### ASSIGNMENT
Nothing but the lines from the start of the data through the line with "Load image into" should appear in the answer, each retyped exactly, and pictures should not.
★ ★ ★ ★ ★
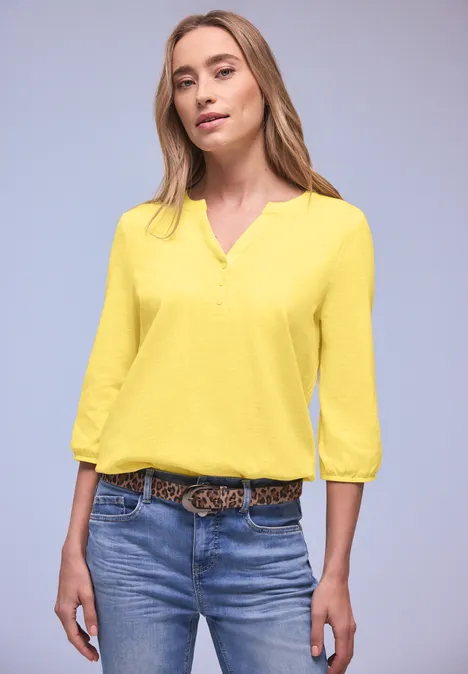 Shirt im Tunika-Look bloom yellow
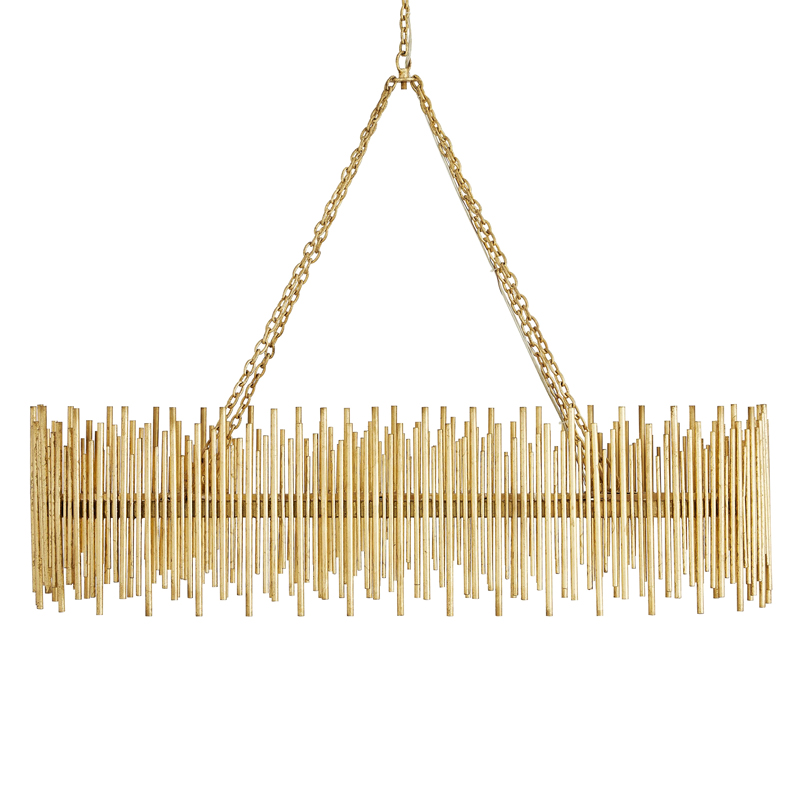 Люстра Arteriors PRESCOTT OVAL CHANDELIER Золотой в Ульяновске | Loft Concept 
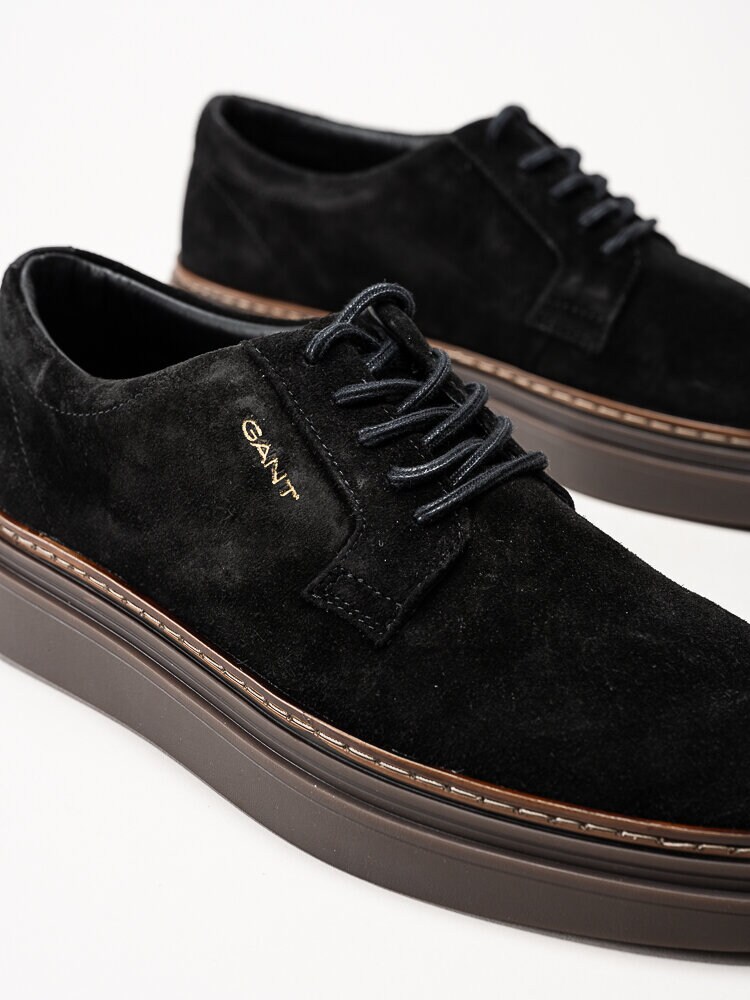 Gant Footwear - Kinzoon low lace - Svarta mockaskor med snörning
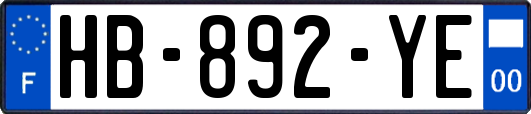 HB-892-YE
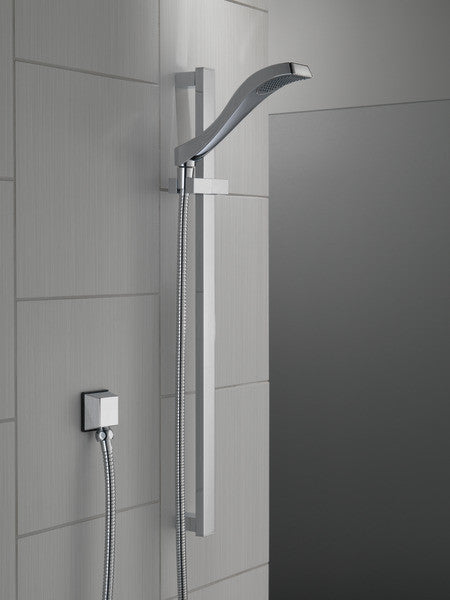 Delta Dryden Premium Single-Setting Slide Bar Hand Shower, Chrome, 57051
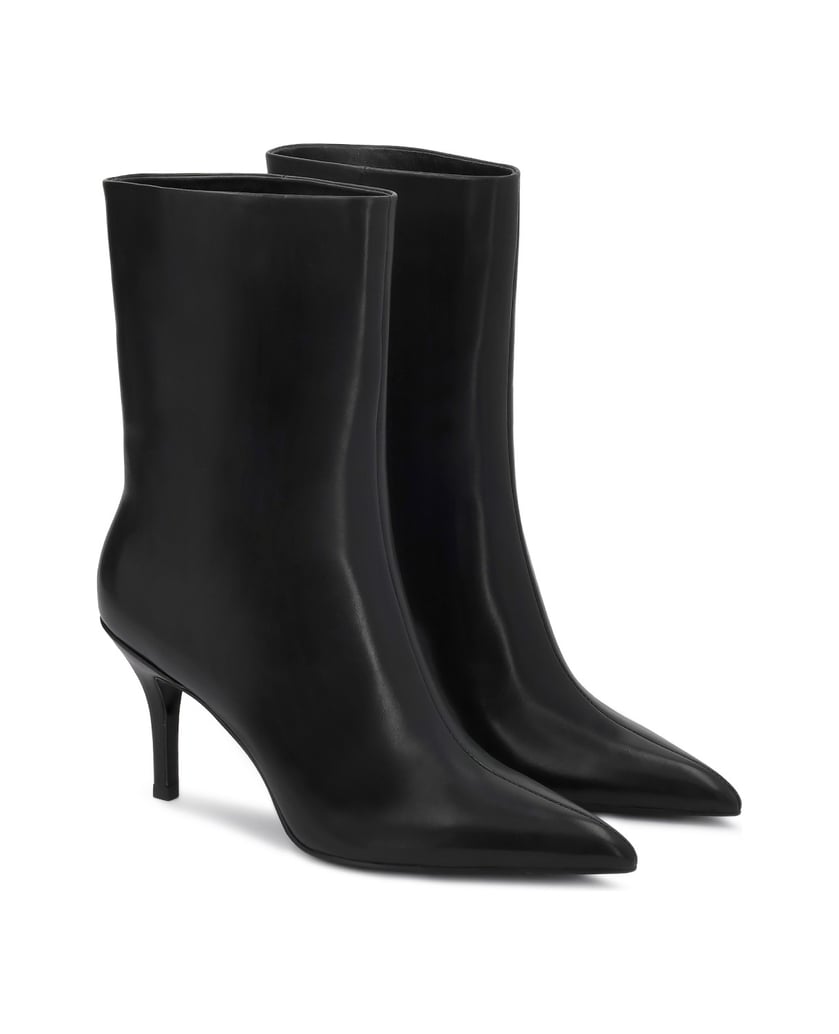 Kazar-Minimalist-black-slip-on-booties-čierna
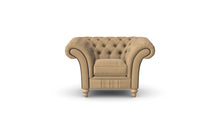 Load image into Gallery viewer, Milano Chesterfield Club Sesame Tuscan Linen handmade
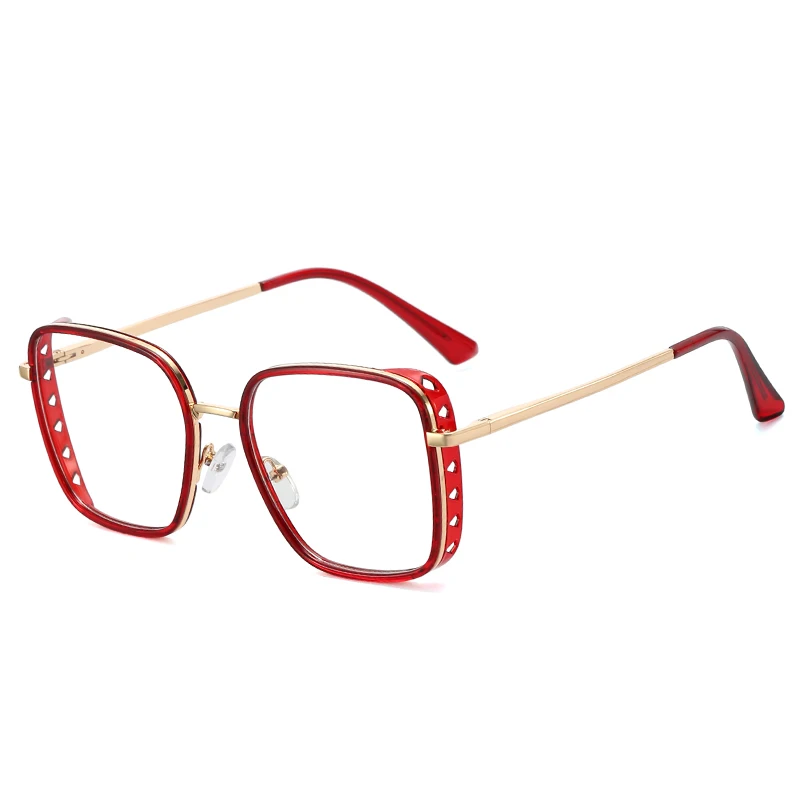 

MS 95310 Fashion New Clear Glasses Frame Anti-blue Light Women Eyeglasses Classic Square Metal Optics Computer Eye Glasses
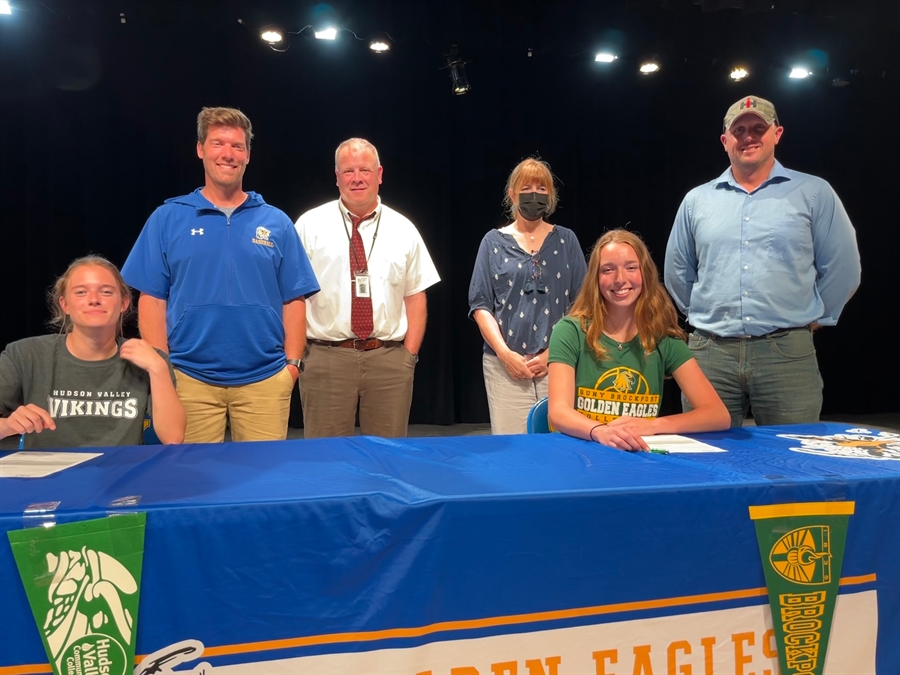 Emma and Julia with coaches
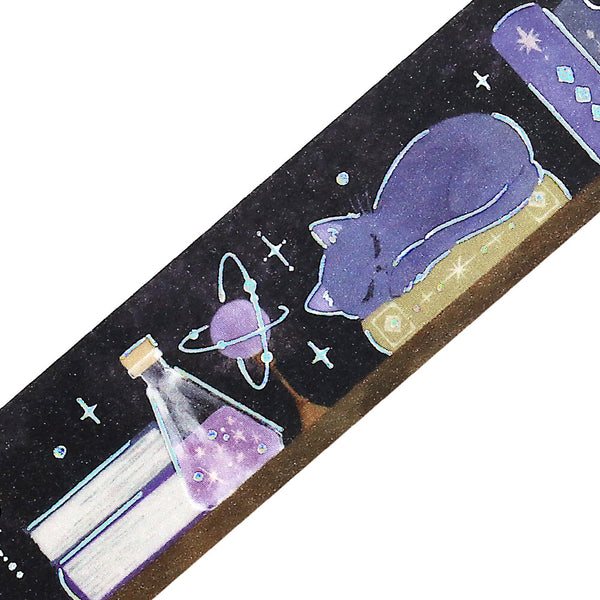 BGM 20mm Foil Stamp Washi Tapes "Fantasy Biblio" Cat (Pack of 4) | papermindstationery.com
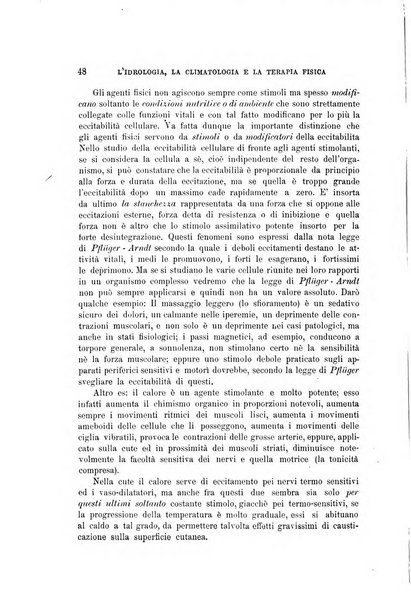 L'idrologia, la climatologia e la terapia fisica periodico mensile dell'Associazione medica italiana d'idrologia, climatologia e terapia fisica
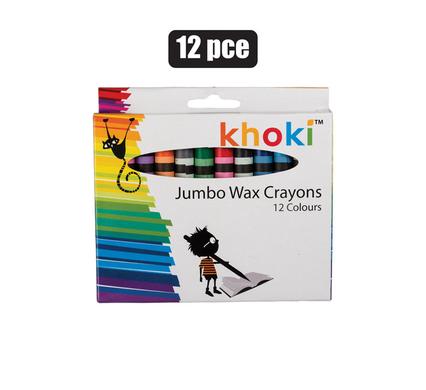 ART+CRAFT CRAYONS WAX JUMBO 12PCE product image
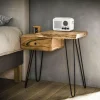WoonStijl Sidetable / nachtkastje live edge rechts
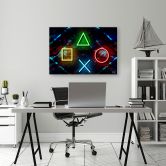 Leinwandbild, Gaming Computer Spiele 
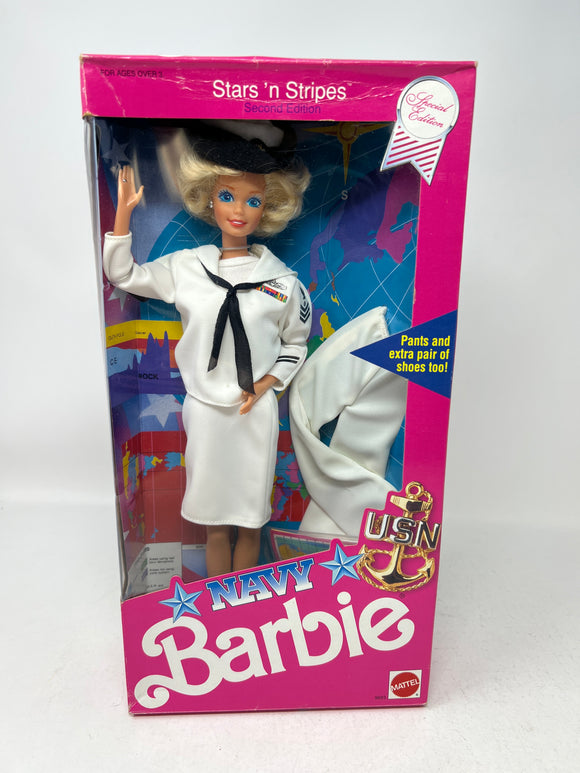 Collectible Navy Barbie Stars 'n Stripes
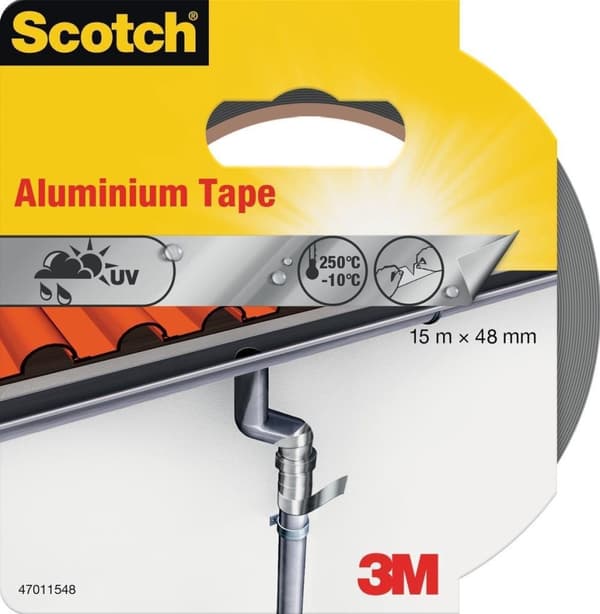 Scotch® alumiiniteippi, 47011548, 15 MX 48 mm, 1 rulla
★ ★ ★ ★ ★
### EXPECTED ANSWER
 Shirt im Tunika-Look bloom yellow
 Люстра Arteriors PRESCOTT OVAL CHANDELIER Золотой в Ульяновске | Loft Concept 
 Gant Footwear - Kinzoon low lace - Svarta mockaskor med snörning
 HB-892-YE
 Delta Dryden Premium Single-Setting Slide Bar Hand Shower, Chrome, 57051
 Kazar-Minimalist-black-slip-on-booties-čierna
 Load image into Gallery viewer, Milano Chesterfield Club Sesame Tuscan Linen handmade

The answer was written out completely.